Collect every line in the records below that contains the word "Suzuki".

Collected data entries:
____

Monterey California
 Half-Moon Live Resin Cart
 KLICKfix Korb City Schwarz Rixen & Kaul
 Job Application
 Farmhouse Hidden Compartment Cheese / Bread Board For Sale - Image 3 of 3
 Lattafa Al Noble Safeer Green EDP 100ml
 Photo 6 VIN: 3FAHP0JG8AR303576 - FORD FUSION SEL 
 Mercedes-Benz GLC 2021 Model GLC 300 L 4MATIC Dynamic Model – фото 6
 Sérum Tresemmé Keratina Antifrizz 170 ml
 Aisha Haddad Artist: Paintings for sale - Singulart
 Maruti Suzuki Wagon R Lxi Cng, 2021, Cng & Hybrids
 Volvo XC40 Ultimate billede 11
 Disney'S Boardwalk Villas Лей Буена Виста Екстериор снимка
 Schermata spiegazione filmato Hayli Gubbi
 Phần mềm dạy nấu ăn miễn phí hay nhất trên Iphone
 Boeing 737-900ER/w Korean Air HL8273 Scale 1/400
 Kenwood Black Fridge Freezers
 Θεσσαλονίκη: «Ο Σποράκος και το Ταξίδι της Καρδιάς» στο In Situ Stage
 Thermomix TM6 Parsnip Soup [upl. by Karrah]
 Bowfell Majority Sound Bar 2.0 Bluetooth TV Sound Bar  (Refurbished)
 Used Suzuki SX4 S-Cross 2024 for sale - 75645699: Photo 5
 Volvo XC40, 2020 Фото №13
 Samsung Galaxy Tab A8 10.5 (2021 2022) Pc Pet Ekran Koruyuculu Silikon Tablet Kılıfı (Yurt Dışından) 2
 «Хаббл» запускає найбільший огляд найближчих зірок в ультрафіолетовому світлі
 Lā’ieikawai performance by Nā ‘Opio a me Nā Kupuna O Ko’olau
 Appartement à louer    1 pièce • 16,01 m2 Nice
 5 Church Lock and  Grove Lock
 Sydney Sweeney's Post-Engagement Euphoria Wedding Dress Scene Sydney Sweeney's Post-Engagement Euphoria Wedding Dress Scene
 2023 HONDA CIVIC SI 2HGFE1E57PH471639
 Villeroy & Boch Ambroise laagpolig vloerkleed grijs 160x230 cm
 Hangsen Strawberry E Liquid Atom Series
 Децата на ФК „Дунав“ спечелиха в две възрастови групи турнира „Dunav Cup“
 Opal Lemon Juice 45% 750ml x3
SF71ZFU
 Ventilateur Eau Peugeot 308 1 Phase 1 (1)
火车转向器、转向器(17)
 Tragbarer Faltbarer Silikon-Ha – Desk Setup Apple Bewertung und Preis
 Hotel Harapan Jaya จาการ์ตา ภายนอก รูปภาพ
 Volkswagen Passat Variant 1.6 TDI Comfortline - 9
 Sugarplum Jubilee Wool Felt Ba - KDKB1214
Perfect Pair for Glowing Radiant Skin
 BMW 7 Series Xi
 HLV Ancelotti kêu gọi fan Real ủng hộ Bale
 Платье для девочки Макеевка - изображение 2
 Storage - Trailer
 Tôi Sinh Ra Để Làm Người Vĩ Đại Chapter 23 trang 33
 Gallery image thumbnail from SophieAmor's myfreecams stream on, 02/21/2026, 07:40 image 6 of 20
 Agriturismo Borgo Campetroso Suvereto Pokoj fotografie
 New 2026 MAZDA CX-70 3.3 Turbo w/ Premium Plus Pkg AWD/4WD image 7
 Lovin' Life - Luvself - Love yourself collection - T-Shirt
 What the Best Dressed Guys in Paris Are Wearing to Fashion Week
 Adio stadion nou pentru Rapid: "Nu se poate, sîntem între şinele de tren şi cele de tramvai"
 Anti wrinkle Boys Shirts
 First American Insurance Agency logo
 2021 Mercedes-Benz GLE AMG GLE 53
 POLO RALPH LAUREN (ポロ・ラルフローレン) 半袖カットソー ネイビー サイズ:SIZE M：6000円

____

**TASK RESPONSE:**
 Maruti Suzuki Wagon R Lxi Cng, 2021, Cng & Hybrids
 Used Suzuki SX4 S-Cross 2024 for sale - 75645699: Photo 5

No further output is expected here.